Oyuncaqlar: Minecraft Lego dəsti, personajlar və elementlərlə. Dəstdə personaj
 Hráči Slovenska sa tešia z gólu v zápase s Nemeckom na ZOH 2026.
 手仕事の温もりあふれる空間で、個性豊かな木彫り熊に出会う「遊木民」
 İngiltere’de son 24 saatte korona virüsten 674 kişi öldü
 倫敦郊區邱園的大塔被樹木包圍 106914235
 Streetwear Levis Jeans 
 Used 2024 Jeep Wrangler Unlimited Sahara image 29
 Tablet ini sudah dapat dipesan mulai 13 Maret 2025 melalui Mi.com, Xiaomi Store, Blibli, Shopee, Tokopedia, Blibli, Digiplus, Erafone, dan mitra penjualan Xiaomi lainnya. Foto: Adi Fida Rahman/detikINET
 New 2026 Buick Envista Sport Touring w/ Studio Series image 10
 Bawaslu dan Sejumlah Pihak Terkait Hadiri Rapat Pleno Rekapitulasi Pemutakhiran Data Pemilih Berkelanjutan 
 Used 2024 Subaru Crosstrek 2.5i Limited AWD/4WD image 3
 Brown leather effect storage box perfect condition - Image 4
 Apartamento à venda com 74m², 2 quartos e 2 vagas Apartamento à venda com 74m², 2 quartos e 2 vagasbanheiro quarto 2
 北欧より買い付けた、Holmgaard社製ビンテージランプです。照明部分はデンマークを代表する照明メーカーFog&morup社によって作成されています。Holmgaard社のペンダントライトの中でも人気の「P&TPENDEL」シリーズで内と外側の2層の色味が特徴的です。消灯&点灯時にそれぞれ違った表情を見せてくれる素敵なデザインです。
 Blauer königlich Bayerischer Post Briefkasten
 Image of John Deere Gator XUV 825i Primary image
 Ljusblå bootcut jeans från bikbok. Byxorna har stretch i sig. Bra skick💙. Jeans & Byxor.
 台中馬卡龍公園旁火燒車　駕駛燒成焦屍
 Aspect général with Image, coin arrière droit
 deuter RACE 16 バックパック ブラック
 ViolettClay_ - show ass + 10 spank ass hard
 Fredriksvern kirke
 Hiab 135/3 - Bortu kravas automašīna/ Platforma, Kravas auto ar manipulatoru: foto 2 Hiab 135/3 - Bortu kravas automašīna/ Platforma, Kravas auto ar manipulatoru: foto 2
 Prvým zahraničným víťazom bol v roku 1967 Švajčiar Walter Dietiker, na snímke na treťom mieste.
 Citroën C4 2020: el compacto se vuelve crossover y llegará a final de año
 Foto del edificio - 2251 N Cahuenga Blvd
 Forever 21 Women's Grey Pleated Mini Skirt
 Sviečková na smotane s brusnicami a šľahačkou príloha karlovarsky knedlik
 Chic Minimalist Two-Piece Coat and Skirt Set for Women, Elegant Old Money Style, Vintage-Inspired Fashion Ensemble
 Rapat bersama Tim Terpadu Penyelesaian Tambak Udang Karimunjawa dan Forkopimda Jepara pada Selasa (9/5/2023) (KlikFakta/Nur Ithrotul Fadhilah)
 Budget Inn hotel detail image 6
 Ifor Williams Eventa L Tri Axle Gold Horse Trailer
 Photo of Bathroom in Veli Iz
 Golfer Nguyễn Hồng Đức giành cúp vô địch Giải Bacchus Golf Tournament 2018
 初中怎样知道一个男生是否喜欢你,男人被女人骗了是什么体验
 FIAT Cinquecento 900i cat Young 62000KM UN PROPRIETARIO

-- -- --

■ **Instructions for the task**: Locate the word "Skirt" in the records and collect each line it appears in.

■ **Finished task**:
 Forever 21 Women's Grey Pleated Mini Skirt
 Chic Minimalist Two-Piece Coat and Skirt Set for Women, Elegant Old Money Style, Vintage-Inspired Fashion Ensemble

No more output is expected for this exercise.